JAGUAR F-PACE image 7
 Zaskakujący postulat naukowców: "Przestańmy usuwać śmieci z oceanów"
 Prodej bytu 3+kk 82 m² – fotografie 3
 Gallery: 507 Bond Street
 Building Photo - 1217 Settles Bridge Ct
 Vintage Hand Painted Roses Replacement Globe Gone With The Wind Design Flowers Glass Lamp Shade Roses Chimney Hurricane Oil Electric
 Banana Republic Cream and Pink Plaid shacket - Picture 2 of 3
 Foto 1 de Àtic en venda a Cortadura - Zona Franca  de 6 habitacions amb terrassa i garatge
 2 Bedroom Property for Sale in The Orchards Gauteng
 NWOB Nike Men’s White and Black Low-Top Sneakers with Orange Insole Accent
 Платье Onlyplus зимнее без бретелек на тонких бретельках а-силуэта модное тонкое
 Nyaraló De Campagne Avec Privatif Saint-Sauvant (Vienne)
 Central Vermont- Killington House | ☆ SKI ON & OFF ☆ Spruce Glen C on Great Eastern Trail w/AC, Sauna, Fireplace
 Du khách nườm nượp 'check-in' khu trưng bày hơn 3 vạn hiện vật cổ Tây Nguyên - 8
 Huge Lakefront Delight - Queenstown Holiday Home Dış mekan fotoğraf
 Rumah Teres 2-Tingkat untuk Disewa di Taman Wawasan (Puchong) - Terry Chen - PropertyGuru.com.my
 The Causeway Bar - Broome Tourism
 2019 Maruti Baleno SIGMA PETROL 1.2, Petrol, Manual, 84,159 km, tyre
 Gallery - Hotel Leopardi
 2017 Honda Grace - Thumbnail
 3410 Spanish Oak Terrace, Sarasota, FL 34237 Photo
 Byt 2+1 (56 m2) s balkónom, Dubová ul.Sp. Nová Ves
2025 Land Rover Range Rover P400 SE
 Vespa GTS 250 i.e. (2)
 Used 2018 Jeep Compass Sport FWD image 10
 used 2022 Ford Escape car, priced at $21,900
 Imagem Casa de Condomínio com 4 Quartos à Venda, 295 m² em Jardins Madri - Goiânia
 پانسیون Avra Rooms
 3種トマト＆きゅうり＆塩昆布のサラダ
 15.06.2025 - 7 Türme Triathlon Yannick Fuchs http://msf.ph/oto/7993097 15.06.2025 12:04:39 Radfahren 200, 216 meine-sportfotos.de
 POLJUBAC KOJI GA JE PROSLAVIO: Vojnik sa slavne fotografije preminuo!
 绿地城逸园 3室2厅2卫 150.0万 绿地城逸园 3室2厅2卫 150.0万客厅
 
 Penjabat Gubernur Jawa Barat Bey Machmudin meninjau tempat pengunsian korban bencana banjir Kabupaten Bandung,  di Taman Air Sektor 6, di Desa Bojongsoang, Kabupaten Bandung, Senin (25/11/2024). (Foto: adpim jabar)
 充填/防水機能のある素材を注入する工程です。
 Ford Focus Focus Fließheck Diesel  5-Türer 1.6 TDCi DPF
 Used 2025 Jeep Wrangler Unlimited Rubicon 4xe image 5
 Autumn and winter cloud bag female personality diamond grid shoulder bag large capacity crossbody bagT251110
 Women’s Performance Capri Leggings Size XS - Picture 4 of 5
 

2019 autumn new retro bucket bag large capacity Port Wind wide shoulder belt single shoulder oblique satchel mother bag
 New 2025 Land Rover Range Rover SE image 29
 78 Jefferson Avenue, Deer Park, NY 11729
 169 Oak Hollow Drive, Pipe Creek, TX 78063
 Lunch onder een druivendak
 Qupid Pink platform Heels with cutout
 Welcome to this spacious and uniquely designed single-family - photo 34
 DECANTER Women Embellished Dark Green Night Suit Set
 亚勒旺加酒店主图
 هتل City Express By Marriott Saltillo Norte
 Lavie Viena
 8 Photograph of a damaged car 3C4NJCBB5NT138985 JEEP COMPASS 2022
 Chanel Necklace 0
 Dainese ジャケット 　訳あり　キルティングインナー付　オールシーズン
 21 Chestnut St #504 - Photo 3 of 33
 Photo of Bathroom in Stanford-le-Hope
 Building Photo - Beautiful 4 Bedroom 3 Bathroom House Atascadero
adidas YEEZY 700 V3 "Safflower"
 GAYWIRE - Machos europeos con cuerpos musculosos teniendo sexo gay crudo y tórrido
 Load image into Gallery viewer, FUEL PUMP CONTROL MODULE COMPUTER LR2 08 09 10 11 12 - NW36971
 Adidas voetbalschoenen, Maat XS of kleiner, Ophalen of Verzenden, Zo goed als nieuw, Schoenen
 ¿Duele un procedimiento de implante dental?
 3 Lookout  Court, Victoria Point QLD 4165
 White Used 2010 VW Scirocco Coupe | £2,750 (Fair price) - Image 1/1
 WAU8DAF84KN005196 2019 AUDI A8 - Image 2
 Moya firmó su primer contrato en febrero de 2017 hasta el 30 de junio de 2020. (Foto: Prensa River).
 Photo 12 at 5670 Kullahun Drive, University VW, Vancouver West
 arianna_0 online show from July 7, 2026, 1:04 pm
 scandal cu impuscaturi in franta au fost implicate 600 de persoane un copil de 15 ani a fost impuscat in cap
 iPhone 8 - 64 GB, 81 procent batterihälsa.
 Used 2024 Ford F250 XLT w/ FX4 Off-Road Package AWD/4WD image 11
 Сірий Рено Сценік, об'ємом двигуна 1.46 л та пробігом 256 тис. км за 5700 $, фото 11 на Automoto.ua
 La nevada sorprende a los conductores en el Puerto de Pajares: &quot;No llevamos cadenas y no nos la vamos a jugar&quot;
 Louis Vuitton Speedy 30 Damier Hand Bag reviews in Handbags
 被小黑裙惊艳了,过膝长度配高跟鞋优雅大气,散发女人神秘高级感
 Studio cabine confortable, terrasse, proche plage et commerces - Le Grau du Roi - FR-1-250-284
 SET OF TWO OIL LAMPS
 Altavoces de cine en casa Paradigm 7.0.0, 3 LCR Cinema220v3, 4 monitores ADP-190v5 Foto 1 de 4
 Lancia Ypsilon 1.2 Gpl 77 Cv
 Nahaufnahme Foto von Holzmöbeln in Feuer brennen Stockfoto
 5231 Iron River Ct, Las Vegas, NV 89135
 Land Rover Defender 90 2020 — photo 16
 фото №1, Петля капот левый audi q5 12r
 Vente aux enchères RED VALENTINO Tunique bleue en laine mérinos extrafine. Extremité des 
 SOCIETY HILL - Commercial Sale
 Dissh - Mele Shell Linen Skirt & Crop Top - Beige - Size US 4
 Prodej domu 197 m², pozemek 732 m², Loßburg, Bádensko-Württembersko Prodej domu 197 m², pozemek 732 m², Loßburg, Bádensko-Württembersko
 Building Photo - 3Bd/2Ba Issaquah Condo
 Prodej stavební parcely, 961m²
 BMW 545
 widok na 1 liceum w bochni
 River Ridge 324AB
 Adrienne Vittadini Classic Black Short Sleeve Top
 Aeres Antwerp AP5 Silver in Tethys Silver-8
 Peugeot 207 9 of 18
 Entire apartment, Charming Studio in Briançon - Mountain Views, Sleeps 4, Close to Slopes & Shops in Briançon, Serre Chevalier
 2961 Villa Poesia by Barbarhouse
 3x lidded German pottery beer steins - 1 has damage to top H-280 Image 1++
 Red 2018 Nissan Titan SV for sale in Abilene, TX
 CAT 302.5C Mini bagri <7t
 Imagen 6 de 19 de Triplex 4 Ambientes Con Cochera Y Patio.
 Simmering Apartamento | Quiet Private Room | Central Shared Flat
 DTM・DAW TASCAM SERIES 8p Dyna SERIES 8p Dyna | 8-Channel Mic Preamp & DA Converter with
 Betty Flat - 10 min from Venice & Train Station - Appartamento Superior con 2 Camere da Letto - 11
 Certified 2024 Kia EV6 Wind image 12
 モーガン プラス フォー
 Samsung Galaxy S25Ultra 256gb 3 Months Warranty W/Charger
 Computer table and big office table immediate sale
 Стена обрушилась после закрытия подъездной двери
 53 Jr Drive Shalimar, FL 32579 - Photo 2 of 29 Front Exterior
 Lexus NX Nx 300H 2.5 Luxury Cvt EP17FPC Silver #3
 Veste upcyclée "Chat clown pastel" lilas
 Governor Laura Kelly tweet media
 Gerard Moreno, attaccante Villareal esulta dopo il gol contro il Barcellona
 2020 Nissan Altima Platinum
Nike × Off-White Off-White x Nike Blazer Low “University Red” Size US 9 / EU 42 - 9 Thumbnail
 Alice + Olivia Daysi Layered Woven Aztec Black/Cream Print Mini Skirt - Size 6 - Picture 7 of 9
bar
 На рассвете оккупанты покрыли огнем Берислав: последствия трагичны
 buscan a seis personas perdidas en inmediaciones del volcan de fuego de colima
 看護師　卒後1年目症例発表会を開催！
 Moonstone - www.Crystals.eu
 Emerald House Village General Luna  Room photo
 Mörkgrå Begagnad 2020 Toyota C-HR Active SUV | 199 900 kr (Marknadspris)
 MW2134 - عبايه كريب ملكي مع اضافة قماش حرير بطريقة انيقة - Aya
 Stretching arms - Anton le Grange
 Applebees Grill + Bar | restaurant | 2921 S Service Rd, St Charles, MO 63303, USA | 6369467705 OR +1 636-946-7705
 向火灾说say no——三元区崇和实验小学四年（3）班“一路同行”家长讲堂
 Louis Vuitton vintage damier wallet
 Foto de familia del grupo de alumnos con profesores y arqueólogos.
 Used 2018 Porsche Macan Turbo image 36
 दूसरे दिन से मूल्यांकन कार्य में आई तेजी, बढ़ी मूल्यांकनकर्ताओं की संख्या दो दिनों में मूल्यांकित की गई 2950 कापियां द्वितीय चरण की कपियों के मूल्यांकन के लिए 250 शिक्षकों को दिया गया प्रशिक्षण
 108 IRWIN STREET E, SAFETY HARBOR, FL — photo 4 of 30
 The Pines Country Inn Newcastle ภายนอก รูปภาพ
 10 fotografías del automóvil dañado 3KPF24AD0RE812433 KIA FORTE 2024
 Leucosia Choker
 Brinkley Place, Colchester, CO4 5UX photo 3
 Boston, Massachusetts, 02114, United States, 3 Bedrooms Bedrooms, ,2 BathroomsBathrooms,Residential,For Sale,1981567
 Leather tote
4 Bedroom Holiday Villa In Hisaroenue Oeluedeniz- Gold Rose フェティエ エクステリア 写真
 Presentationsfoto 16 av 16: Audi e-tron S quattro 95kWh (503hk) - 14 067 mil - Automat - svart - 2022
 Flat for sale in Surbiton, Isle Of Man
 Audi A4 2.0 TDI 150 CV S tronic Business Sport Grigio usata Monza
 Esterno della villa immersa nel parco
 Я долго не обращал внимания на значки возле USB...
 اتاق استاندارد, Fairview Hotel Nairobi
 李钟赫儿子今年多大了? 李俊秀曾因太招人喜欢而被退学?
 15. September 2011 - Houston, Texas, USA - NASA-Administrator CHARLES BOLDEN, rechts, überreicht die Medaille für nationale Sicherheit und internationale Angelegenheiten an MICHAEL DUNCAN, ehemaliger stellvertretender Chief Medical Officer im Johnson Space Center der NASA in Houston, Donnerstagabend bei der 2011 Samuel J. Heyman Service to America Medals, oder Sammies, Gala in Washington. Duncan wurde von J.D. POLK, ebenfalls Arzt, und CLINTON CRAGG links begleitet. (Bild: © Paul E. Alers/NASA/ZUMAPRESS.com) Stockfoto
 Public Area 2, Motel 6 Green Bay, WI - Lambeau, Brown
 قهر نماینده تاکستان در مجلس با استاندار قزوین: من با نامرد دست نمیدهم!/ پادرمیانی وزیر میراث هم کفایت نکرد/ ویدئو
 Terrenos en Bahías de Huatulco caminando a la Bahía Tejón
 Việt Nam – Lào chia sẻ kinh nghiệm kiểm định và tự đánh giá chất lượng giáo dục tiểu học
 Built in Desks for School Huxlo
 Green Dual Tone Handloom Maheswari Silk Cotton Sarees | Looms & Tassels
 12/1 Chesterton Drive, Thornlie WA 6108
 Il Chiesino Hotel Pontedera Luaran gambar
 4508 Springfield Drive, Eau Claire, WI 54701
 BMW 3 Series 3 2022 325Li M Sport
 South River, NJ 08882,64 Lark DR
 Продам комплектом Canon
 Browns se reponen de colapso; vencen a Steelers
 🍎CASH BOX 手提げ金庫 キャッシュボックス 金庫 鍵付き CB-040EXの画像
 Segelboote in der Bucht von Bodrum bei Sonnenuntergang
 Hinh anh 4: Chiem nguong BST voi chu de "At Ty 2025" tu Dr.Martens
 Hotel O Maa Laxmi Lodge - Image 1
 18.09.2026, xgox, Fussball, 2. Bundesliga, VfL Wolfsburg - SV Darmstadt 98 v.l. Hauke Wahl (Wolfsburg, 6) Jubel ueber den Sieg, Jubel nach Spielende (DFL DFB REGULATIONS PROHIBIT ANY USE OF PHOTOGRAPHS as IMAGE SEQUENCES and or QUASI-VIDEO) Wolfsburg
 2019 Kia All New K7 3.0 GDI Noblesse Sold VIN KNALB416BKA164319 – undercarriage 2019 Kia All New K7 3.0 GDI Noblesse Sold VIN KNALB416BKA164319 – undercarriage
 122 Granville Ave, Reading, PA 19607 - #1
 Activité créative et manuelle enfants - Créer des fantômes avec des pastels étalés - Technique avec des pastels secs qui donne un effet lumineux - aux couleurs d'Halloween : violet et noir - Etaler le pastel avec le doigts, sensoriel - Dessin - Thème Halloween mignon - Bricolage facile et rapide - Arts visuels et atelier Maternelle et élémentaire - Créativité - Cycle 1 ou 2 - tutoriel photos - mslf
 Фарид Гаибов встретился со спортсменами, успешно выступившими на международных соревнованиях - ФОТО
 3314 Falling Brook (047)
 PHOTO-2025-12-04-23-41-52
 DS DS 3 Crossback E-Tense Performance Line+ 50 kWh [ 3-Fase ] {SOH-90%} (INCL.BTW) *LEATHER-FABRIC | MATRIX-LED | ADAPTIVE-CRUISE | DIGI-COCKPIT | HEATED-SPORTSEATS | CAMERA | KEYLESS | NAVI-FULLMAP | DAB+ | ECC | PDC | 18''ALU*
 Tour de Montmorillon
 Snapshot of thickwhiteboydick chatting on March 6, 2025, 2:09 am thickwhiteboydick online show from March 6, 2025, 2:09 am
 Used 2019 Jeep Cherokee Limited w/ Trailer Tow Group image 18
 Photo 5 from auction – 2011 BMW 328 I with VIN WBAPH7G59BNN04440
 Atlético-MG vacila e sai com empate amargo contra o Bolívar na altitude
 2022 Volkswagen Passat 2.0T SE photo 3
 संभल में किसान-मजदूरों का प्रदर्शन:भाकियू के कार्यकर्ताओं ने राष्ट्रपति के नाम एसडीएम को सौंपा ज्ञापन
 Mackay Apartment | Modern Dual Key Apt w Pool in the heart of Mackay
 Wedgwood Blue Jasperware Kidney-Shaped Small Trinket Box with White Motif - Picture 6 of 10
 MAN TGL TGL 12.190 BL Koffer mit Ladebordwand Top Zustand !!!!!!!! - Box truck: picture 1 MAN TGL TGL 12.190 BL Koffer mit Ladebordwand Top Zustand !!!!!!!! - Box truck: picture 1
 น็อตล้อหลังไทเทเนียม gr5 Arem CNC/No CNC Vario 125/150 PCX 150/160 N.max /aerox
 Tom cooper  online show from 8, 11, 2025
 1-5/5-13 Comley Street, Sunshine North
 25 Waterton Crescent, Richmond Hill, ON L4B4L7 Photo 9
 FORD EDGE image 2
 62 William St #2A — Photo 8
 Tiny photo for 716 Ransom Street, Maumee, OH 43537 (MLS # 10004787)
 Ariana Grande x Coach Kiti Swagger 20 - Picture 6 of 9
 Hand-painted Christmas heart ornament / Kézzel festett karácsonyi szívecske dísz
━━━━━━━━━━━━━━━━━━━━
● **WHAT IS REQUIRED**: From the records above, quote only the lines running from the line with "Moonstone - www.Crystals.eu" to the line with "Stretching arms - Anton le Grange", both lines included.

● **TASK RESPONSE**:
 Moonstone - www.Crystals.eu
 Emerald House Village General Luna  Room photo
 Mörkgrå Begagnad 2020 Toyota C-HR Active SUV | 199 900 kr (Marknadspris)
 MW2134 - عبايه كريب ملكي مع اضافة قماش حرير بطريقة انيقة - Aya
 Stretching arms - Anton le Grange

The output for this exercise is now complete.